[Data entries]

___

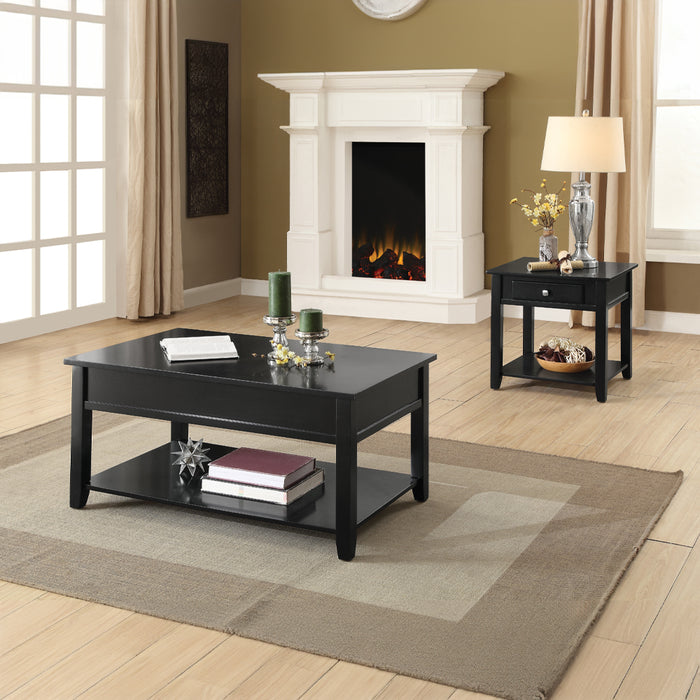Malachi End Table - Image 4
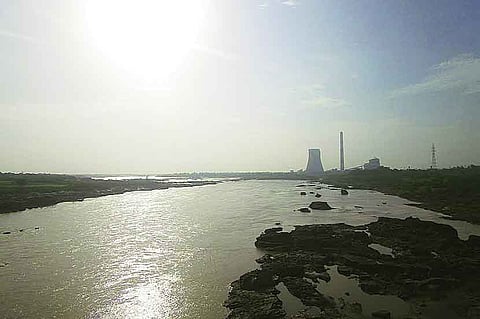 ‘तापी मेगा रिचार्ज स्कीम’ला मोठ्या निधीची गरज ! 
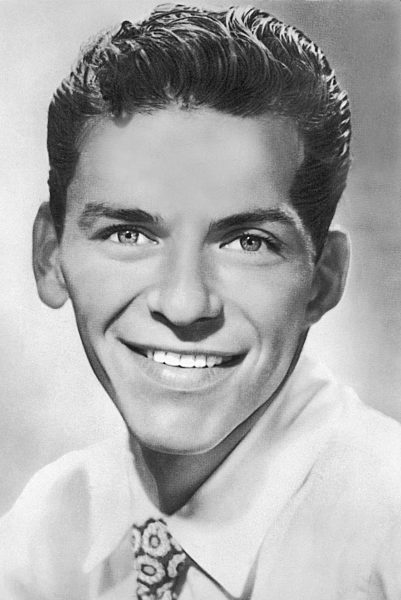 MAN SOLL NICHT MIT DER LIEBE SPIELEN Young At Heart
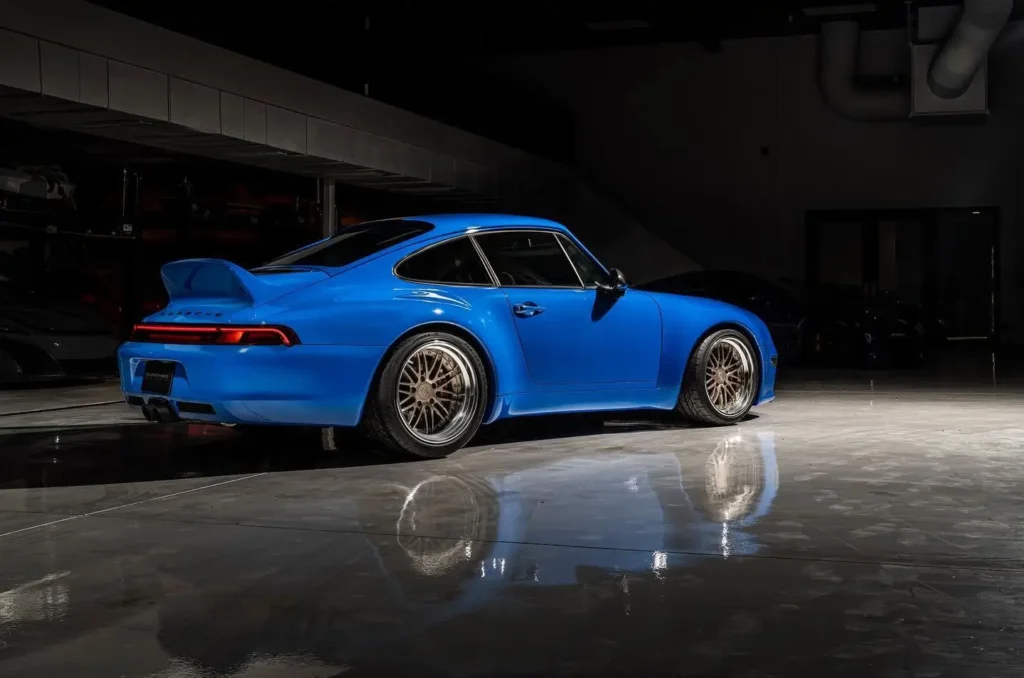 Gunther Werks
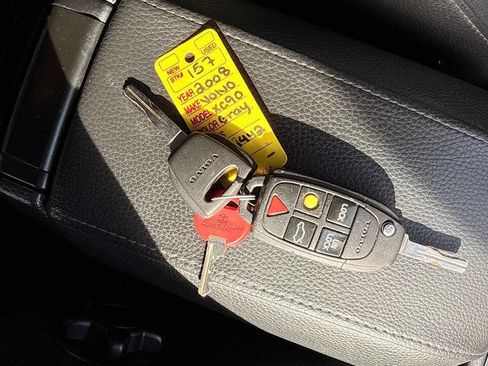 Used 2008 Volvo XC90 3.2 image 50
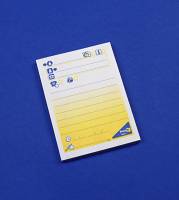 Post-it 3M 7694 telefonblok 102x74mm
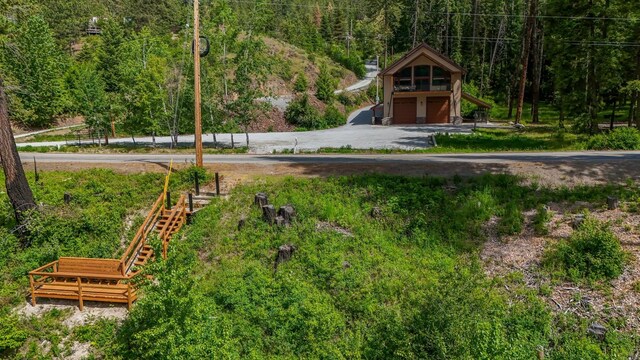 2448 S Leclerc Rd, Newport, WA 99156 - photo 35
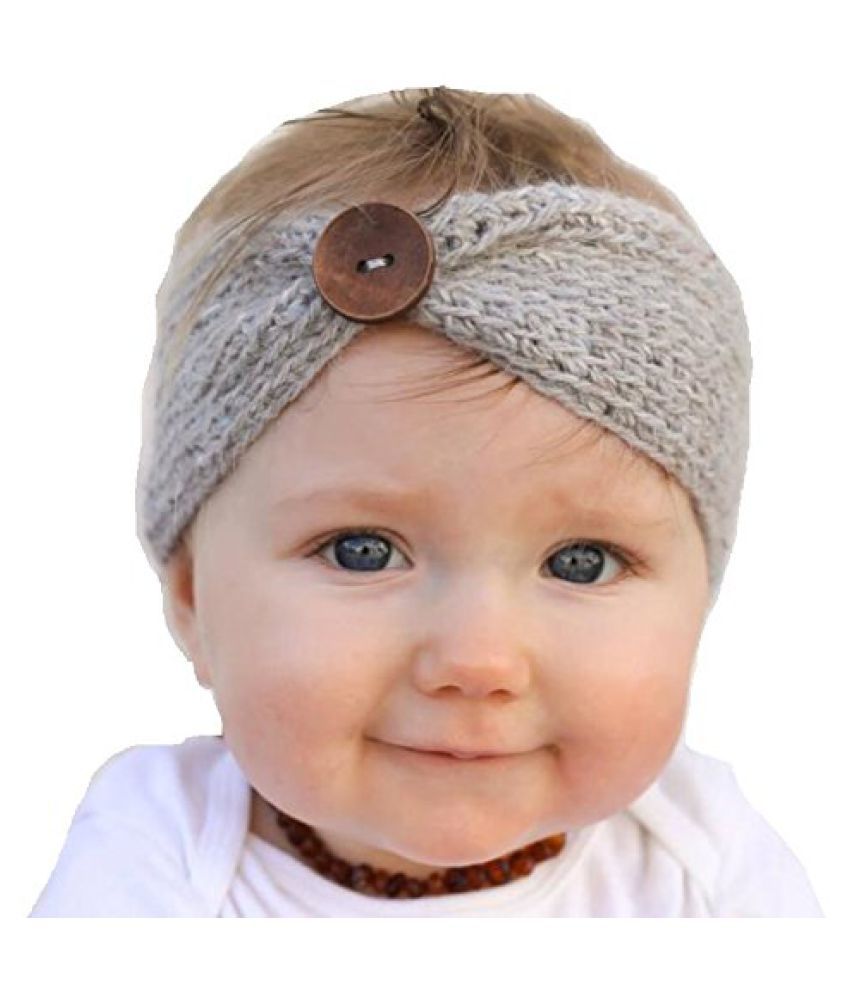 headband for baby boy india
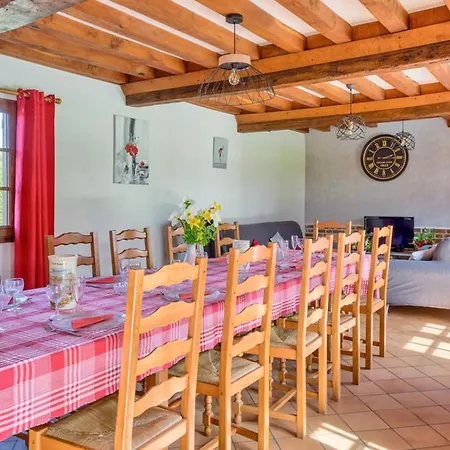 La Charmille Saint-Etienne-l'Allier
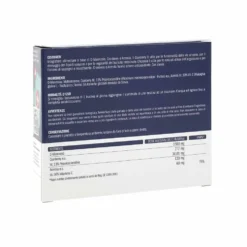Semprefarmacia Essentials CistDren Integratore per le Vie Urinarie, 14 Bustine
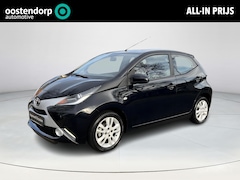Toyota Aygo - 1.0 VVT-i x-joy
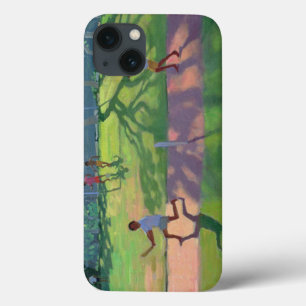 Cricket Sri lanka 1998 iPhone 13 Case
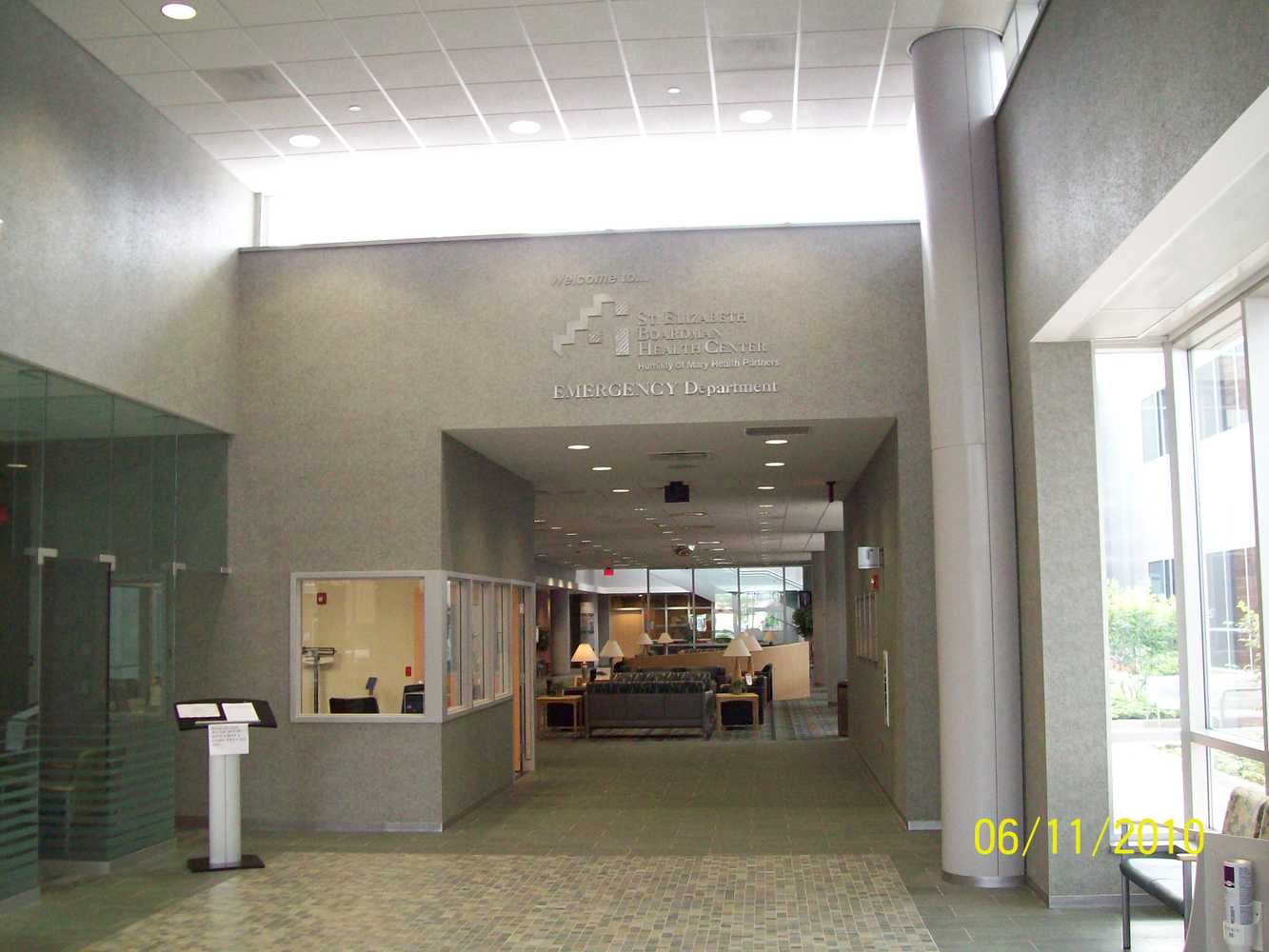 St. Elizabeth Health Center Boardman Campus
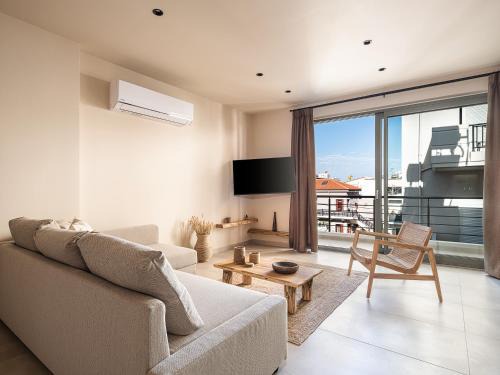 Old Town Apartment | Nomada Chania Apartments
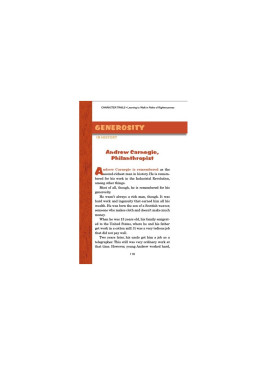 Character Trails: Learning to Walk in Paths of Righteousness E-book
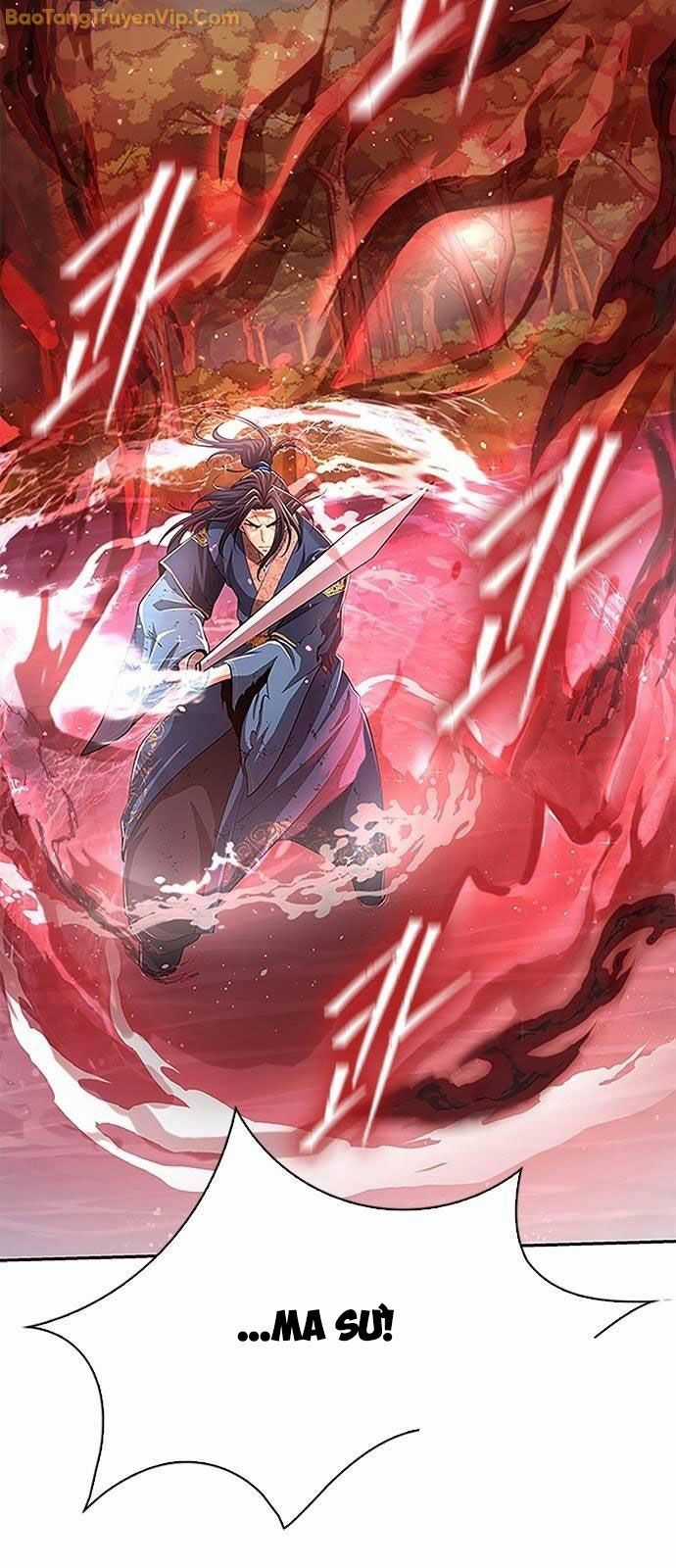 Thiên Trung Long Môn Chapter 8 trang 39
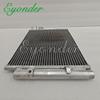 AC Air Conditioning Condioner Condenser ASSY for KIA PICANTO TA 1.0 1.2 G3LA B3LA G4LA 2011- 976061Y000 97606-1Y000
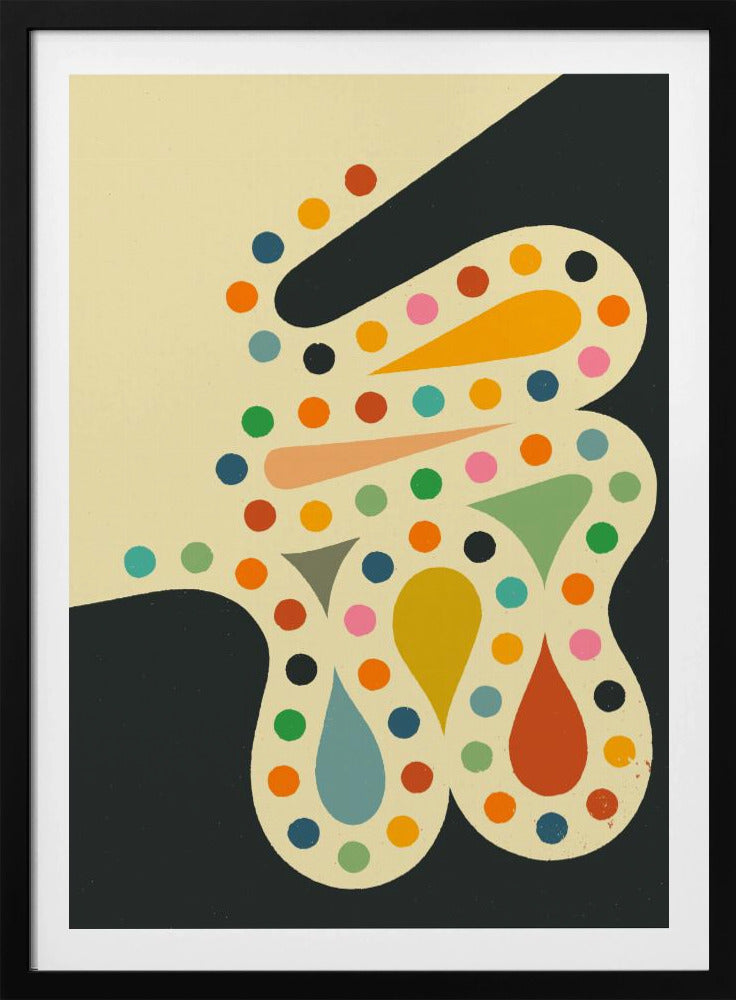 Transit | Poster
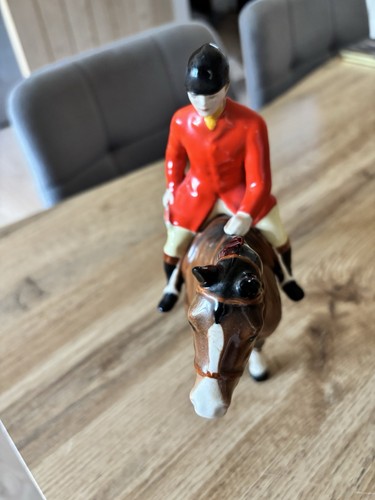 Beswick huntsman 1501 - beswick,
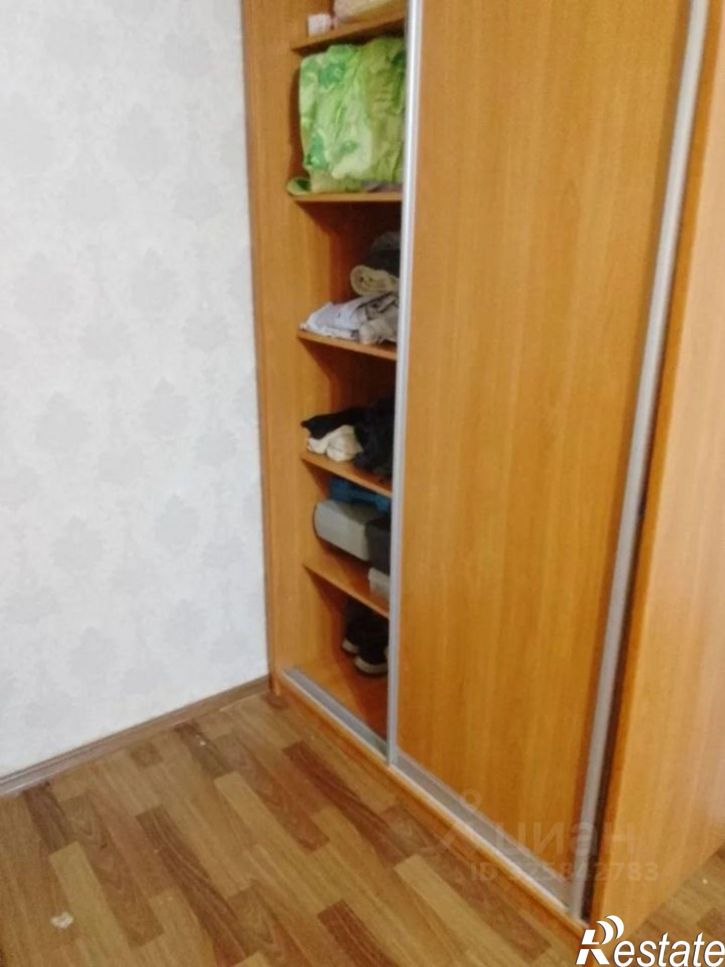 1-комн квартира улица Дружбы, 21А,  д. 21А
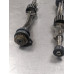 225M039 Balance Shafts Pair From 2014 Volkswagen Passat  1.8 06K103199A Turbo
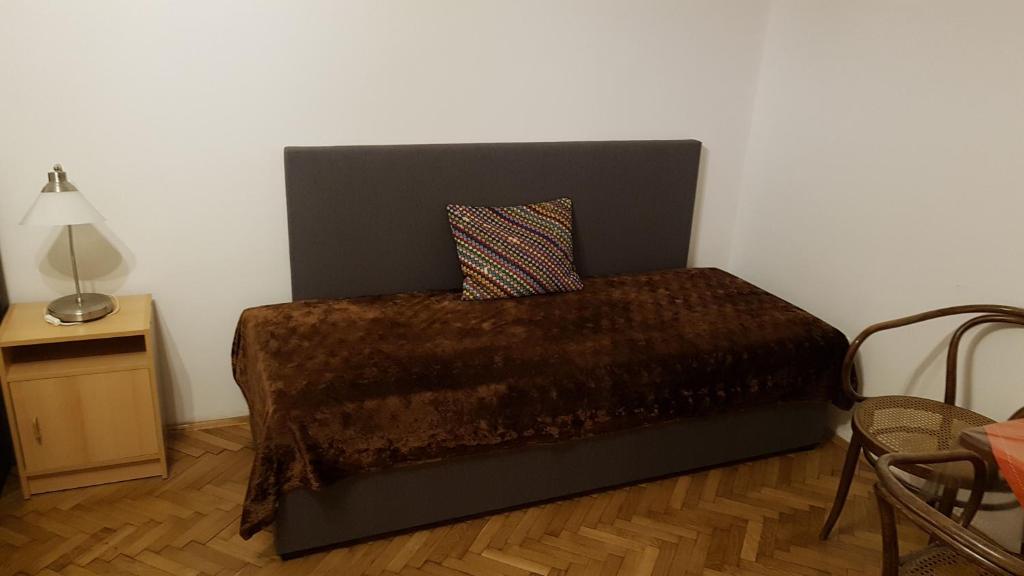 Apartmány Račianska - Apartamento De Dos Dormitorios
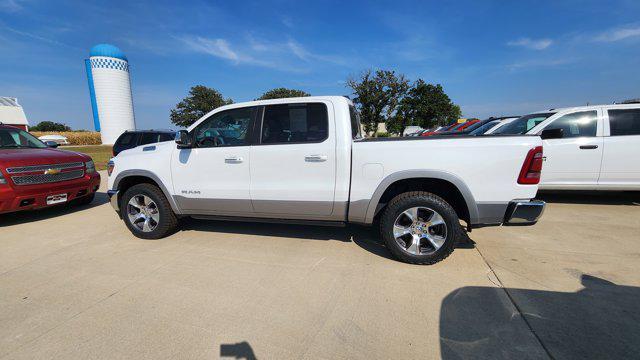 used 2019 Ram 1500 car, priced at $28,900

___

■ **Required action**
Keep the pictures out of your answer, which should be the lines from the one with "Gunther Werks" through the final line of the data, copied exactly.

■ **Exercise result**
 Gunther Werks
 Used 2008 Volvo XC90 3.2 image 50
 Post-it 3M 7694 telefonblok 102x74mm
 2448 S Leclerc Rd, Newport, WA 99156 - photo 35
 headband for baby boy india
 La Charmille Saint-Etienne-l'Allier
Semprefarmacia Essentials CistDren Integratore per le Vie Urinarie, 14 Bustine
Toyota Aygo - 1.0 VVT-i x-joy
 Cricket Sri lanka 1998 iPhone 13 Case
 St. Elizabeth Health Center Boardman Campus
 Old Town Apartment | Nomada Chania Apartments
 Character Trails: Learning to Walk in Paths of Righteousness E-book
 Thiên Trung Long Môn Chapter 8 trang 39
 AC Air Conditioning Condioner Condenser ASSY for KIA PICANTO TA 1.0 1.2 G3LA B3LA G4LA 2011- 976061Y000 97606-1Y000
 Transit | Poster
 Beswick huntsman 1501 - beswick,
 1-комн квартира улица Дружбы, 21А,  д. 21А
 225M039 Balance Shafts Pair From 2014 Volkswagen Passat  1.8 06K103199A Turbo
 Apartmány Račianska - Apartamento De Dos Dormitorios
 used 2019 Ram 1500 car, priced at $28,900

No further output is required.